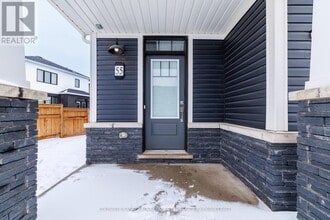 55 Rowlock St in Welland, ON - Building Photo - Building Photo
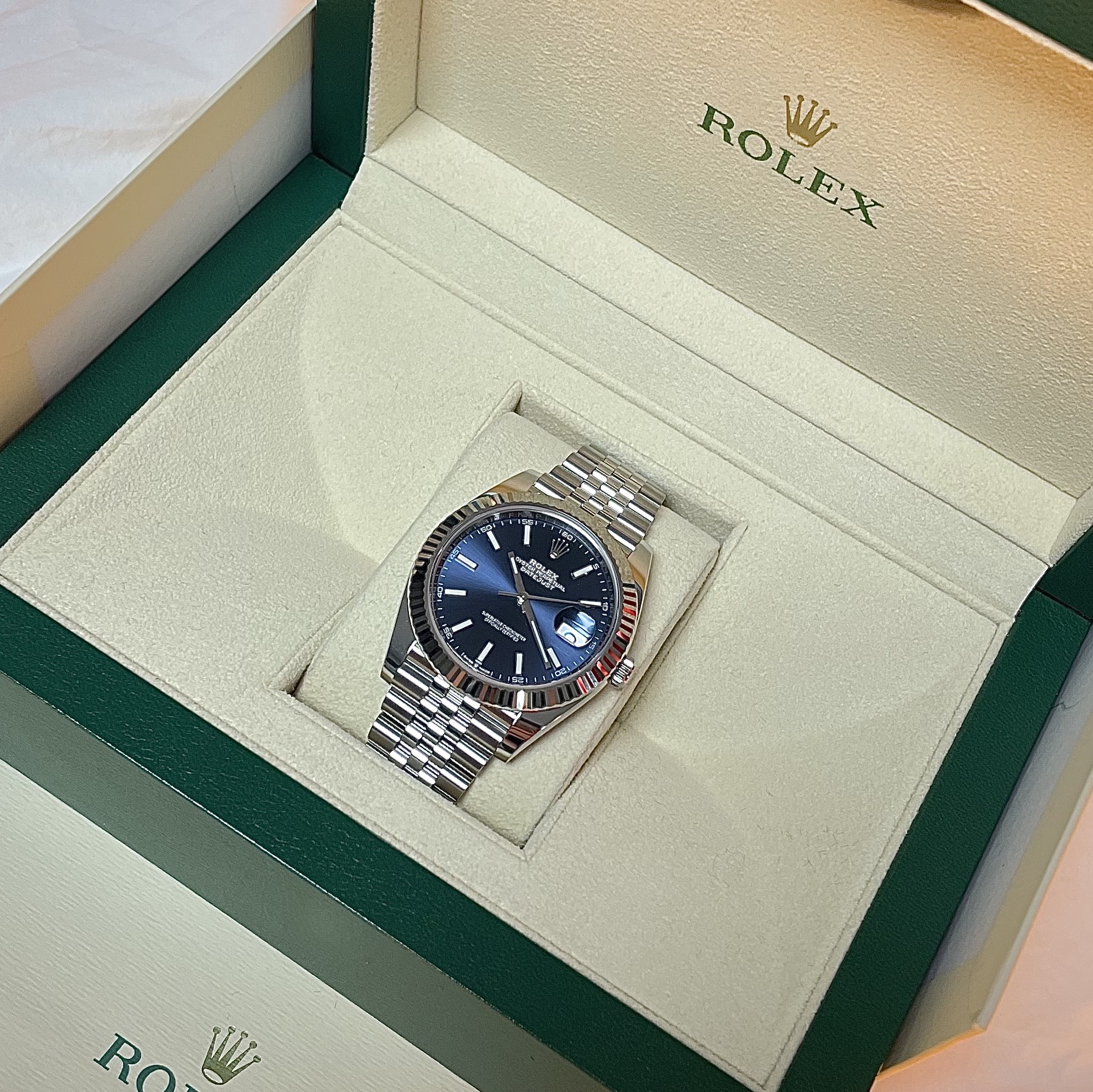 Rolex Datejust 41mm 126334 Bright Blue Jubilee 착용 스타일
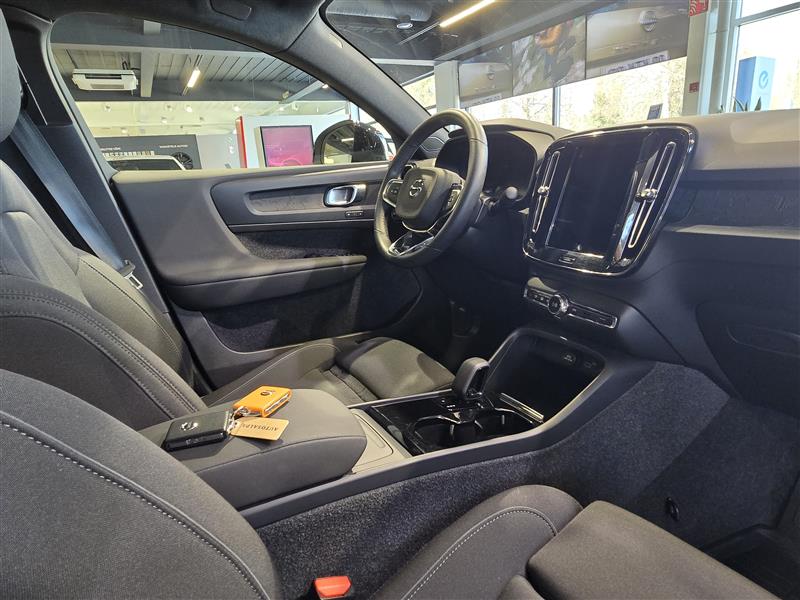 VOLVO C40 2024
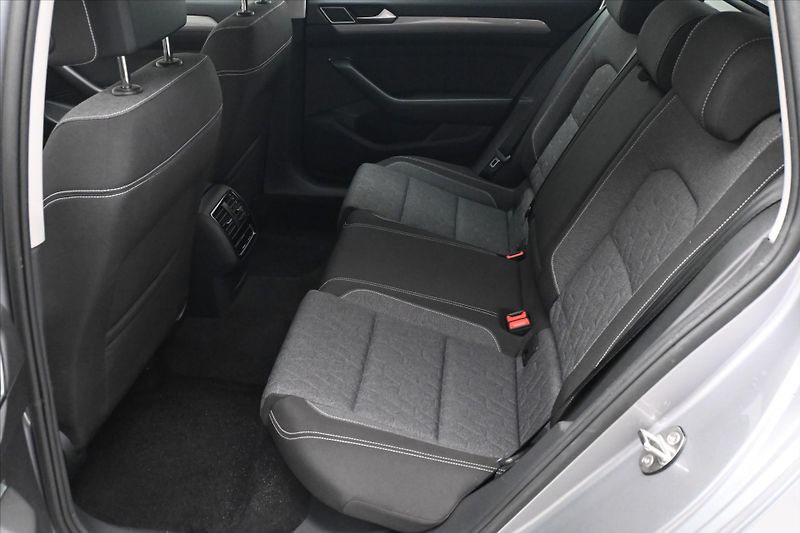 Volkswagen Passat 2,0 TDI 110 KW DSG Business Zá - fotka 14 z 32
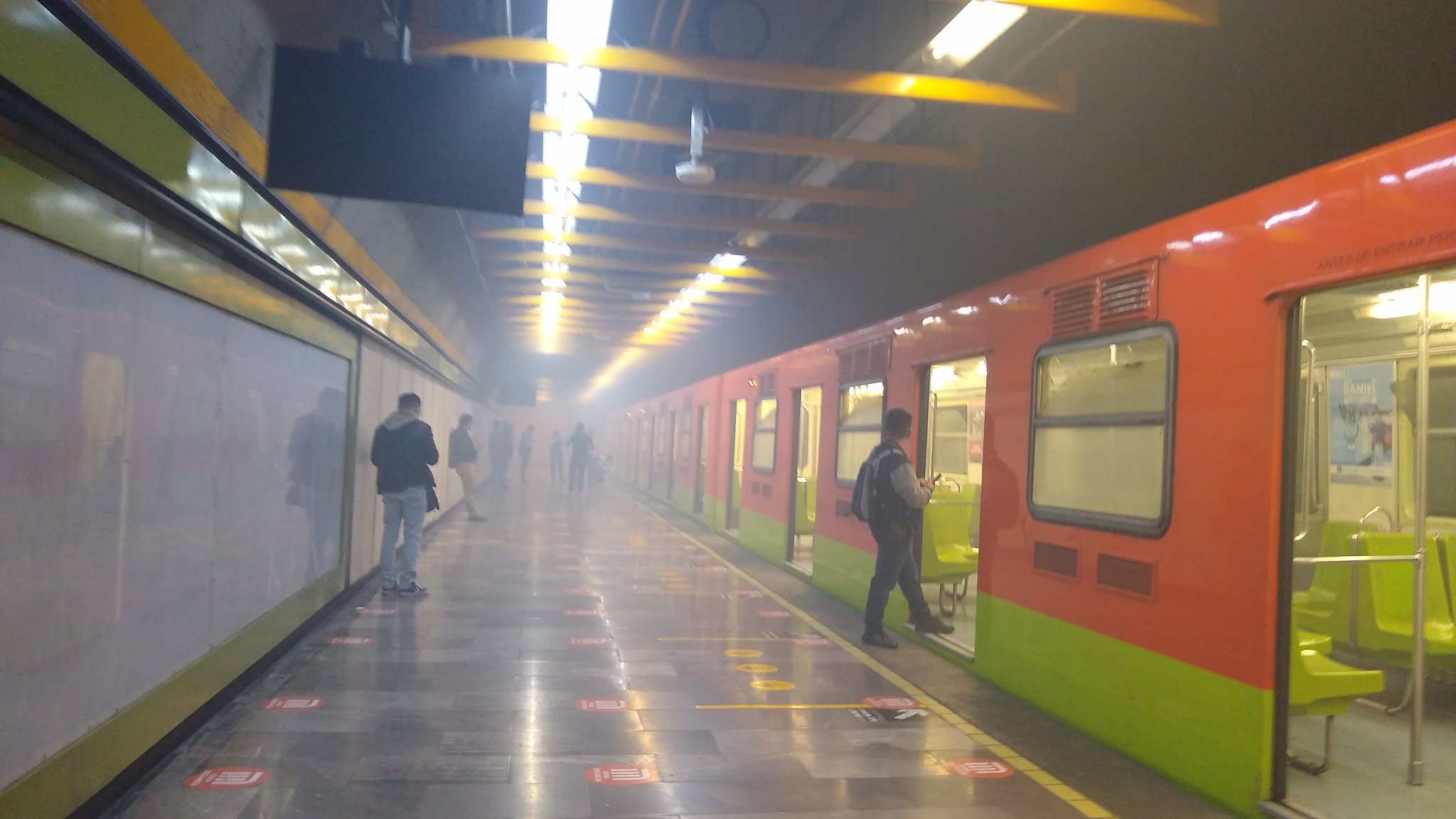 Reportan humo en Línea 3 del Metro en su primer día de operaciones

---

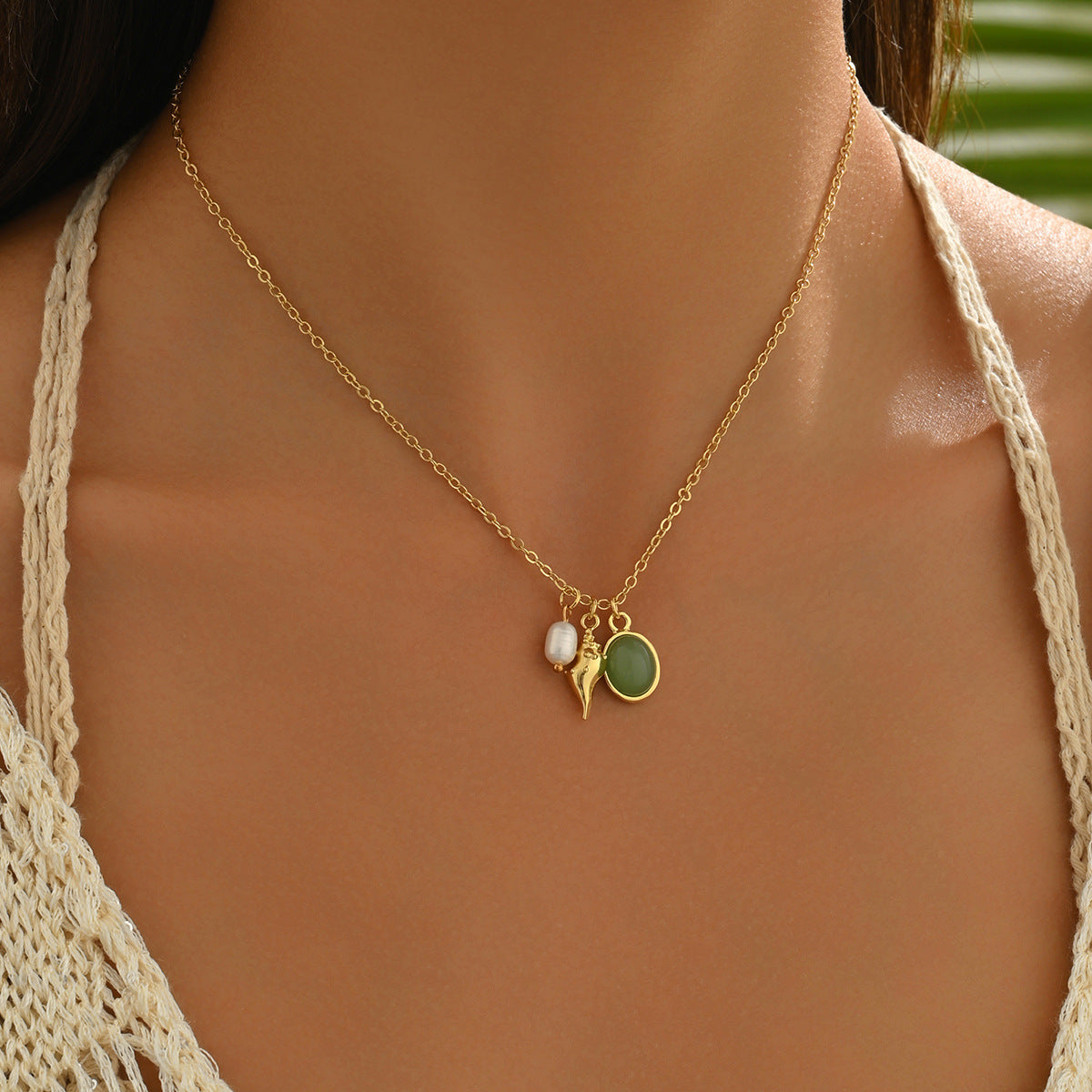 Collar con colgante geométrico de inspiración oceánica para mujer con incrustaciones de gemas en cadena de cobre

Assigned task:
Going by the data above, give back only the lines from the one containing "VOLVO C40 2024" through the one containing "Reportan humo en", exactly as they stand, both ends included and no images.

Task output:
 VOLVO C40 2024
 Volkswagen Passat 2,0 TDI 110 KW DSG Business Zá - fotka 14 z 32
 Reportan humo en Línea 3 del Metro en su primer día de operaciones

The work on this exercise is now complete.